I used to implement a high-speed ORB, that was faster than OmniORB. However, comapring this ORB (or OmniORB for that matter) with TAO or Ice is comparing apples with oranges.
You can get latency down drastically if you choose simpler concurrency models. For example, if you use a blocking client-side concurrency model, latency *will* go down. However, the drawback is that you cannot do nested method calls.
Similarily, there are server-side thread models that are faster than our leader-follower thread pool model, for example "thread per connection". As far as I know, OmniORB uses a blocking client-side concurrency model, and thread-per-connection as server-side concurrency model. (At least that used to be true in the past, I didn't follow the OmniORB development closely.)
So if you compare performance, in particular latency, you must make sure that you have comparable concurrency models.

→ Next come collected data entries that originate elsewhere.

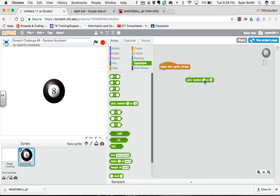You've got pick random 1 to 6. For me, I'm going to want to go with 3 different choices: a yes, a no, or a maybe. So I'm going to want to pick a random number between 1 to 3. So that means my number will either be a 1, a 2, or a 3. So that's going to give me 3 possible options.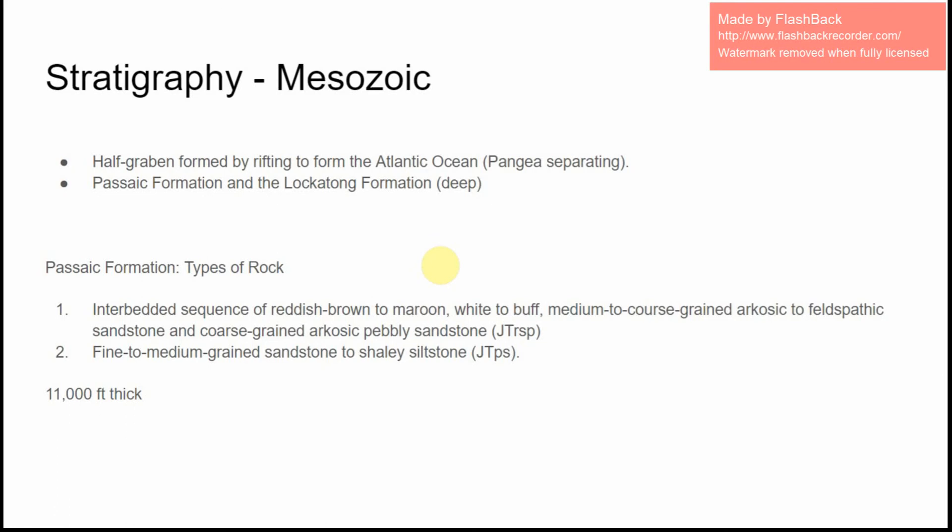There's the Passaic formation, which is actually exposed at certain places, and the Lakitong formation, which is Triassic — it's older. As a result, it's usually found much deeper and is not exposed in my area. But if you go further south in New Jersey, you can actually find it exposed in certain parts.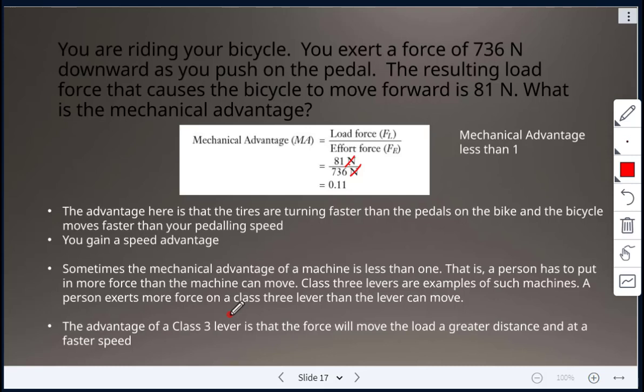When mechanical advantage is less than one, the advantage is that the tires are spinning faster than the pedals, so the bike moves faster than your pedaling speed — you gain a speed advantage. Sometimes a machine requires more force input than it moves, as with a class three lever like a hockey stick, but the load moves a greater distance and at a faster speed.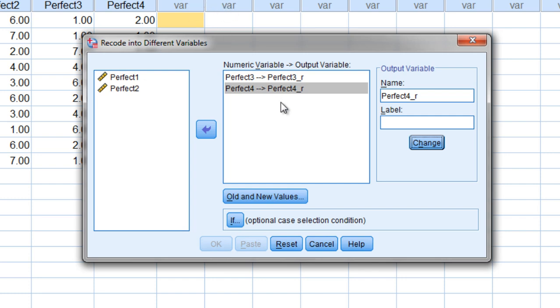Okay so next let's go ahead and reverse code those values. So to do that we go to the old and new values button. Go ahead and click on that.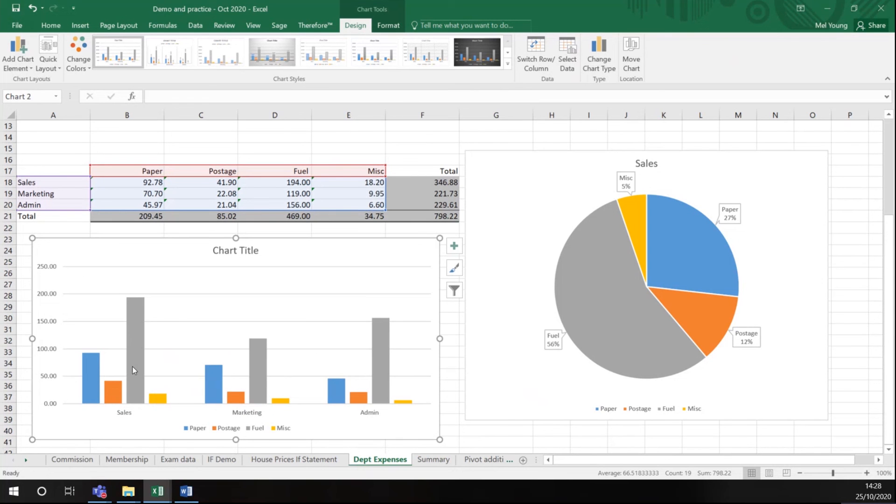Let's just move it so we can see it easily and make it slightly bigger. So in this chart it's now taken my different departments and it's given me colors for the different types of expenditure.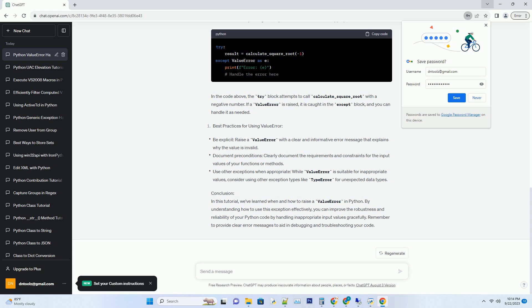In the code above, the try block attempts to call calculate_square_root with a negative number. If a value error is raised, it is caught in the except block, and you can handle it as needed.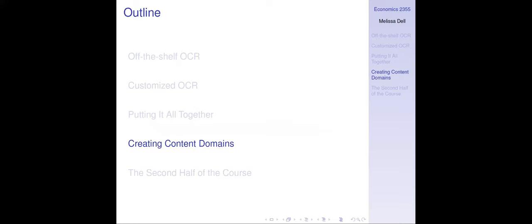We've talked about how to detect layouts and how to OCR them, but that's still not the format you want. At the end of the day, you're going to want a dataset you can analyze in R or whatever statistical software you use. So how do you get domain content from the OCR text and layout elements you've detected with your layout model?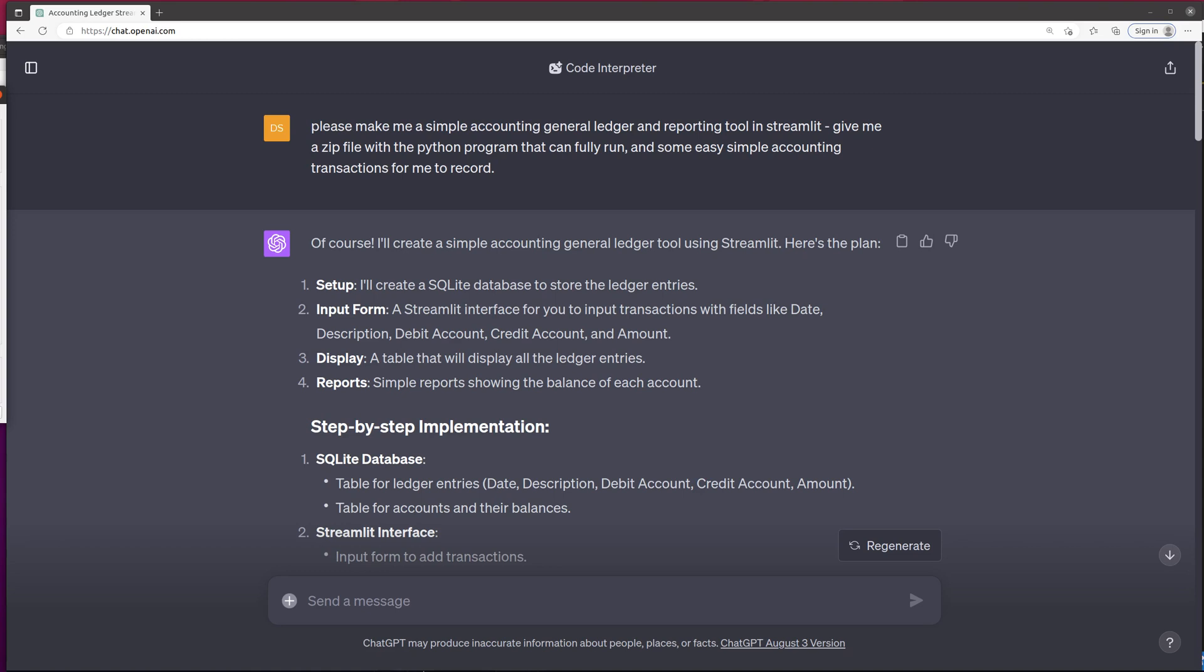So I asked Code Interpreter to make me an accounting general ledger program, and I asked for it to make it in a Streamlit application. I just discovered Streamlit recently, and that's a really cool front end that I'm going to show you in just a minute.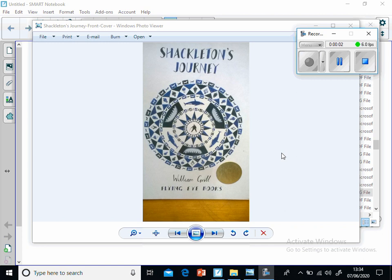Hello Lilac Class. Our new whole class guided reading text is Shackleton's Journey by William Gryll. It's about a true story that happened in 1914, two years after the sinking of the Titanic.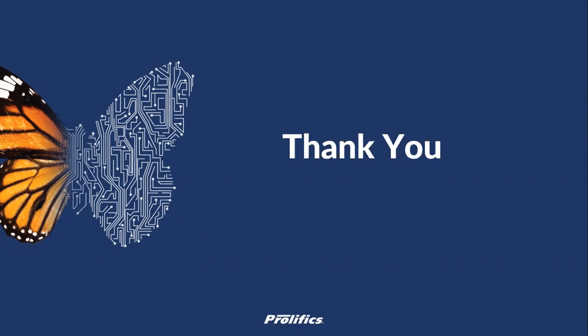If you are viewing our content for the first time, please click on the subscribe button. If you have a query, either post them in the comment section or email us at support@prolifix.com.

Everything else is comparing apples with oranges.
As for the difference between TAO and Ice, there are two main reasons:
- First of all, we didn't optimize some marshalling code in Ice 1.0 and Ice 1.1. This code is much better optimized in the upcoming 1.2. So expect better performance numbers in 1.2.
- The test was done using different concurrency models. We could easily add a blocking client-side model, which would make a big difference, just to look better in performance tests. However, since such a model is of limited use, we rather don't want to do this.